Shared accountability in partnerships
We’ve got solar panels and an electric car. Which is great. We fuel a good proportion of our mileage on pure smugness.
However … there’s a setting on the charger that lets you charge the car only when there’s an adequate surplus, so you’re just using solar and not the grid. But if the sun goes in, the car has a huff and won’t start charging again until you drive it forwards and backwards a little way.
An issue worth taking up. But who with? The charger people or the car people? I haven’t even tried, so far because of the fear that they’ll each just point the finger at the other and do nothing.
In a sense, this is a problem of shared accountability. Until the cause, or causes of the problem can be identified, they are both responsible.
The same thing happens in other contexts. When something goes wrong on the computer it could be the hardware or any of a multitude of software programs, apps or drivers. A problem shared is a problem ignored.
More relevant for this blog, there are also problems of shared accountability in partnership working, whether that’s through a Health and Wellbeing Board, an ICS or one of the myriad other partnerships that proliferate locally.
When there is a problem, or something needs to be done, the more people who could take action, the greater the risk of any responsibility or accountability being diluted and therefore less chance of anyone doing anything. If you think you are the only one spotting a problem (whether smoke seeping from under a door or someone being attacked) you are more likely to take action, than if you think several other people have also seen it.

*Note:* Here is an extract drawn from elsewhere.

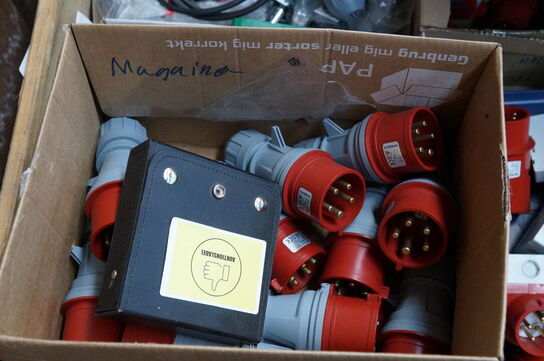 Palle med diverse stikpropper mv.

There are other problems of shared accountability in partnership. Are you to hold people accountable in proportion to their contribution to the outcome? If so, you have the problem that it’s often impossible to disentangle the different causes and effects – who did what, with what result? And even where you can see what different people did and the result it had, how do you compare something which is quick and simple but crucial (such as a key conversation, bringing someone on board), with something else which is equally important but takes an awful lot of time and effort to make its contribution (such as the hard slog of, say, designing and implementing a new process)?

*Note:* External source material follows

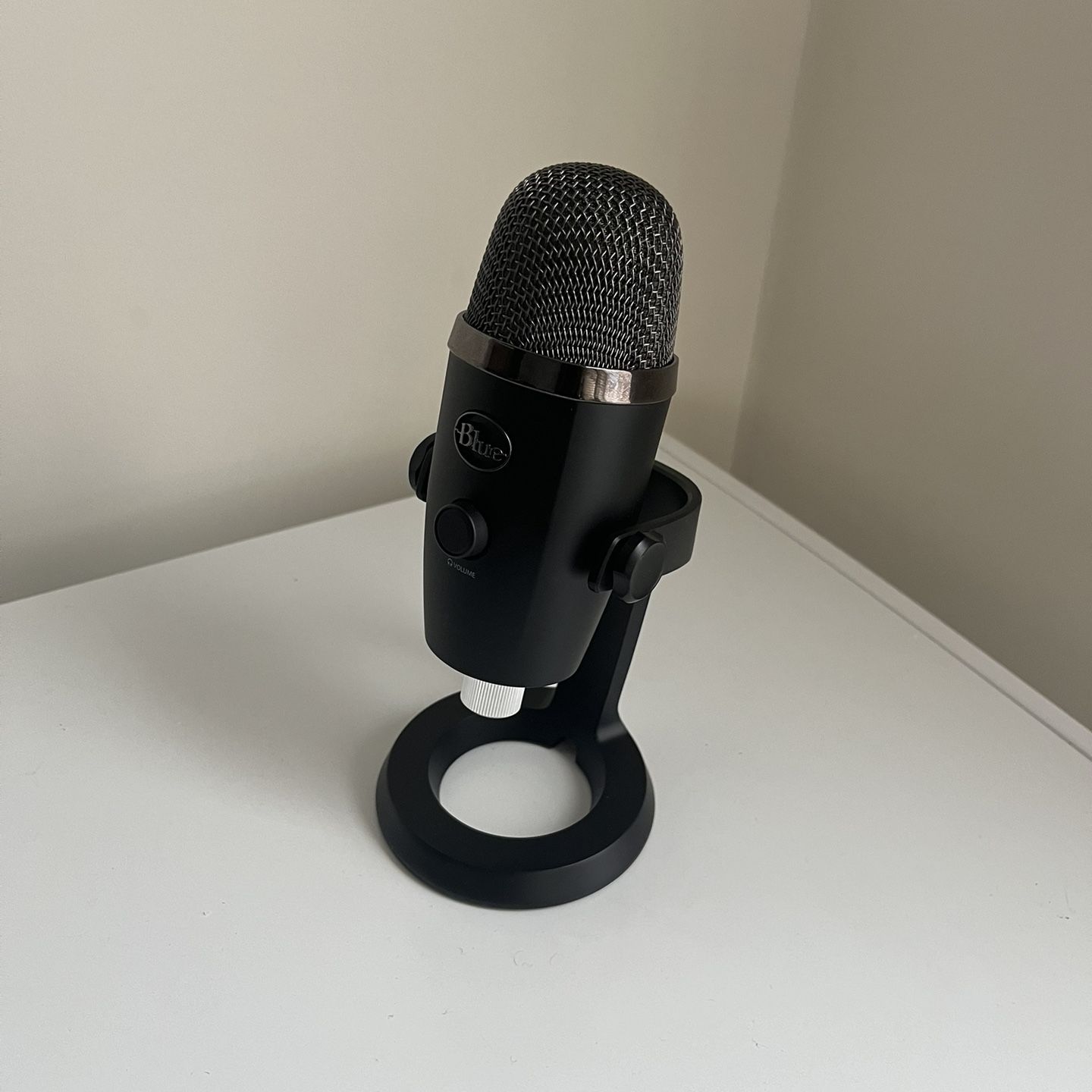 Blue Logitech microphone USB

Equally, while there may be an overall net benefit of the partnership activity, there may not be an equality between who contributes and who benefits, which may affect people’s incentive to take action, but always raises the question of how far partners should be held accountable for things they don’t benefit from.
So, what can be done? That depends whether you are on the inside or the outside.

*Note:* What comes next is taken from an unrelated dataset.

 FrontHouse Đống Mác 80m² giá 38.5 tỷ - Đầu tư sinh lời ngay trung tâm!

If you’re on the outside – such as the government, or the local public – trying to hold to account a partnership of, say, local public bodies, one option might be to treat every member of the partnership as just as responsible as if they were the only body. That could be hard to pull off though.
It probably means using whatever levers are at your disposal (whether voting, publicity, providing funding) and applying them to all the partners either equally or in proportion to their perceived responsibility (even though, as already suggested, that may be conceptually and practically impossible to do fairly).
If you are within the partnership – if, for instance, your attempts to improve health and reduce inequalities includes the public themselves – then accountability doesn’t really come into it. It’s just a question of how to achieve the objectives. You may have the job of trying to motivate and encourage colleagues. You have to work out the best ways of working together. But in the end, the reward is the prize of achieving your objectives. If you fail, you just don’t win the prize.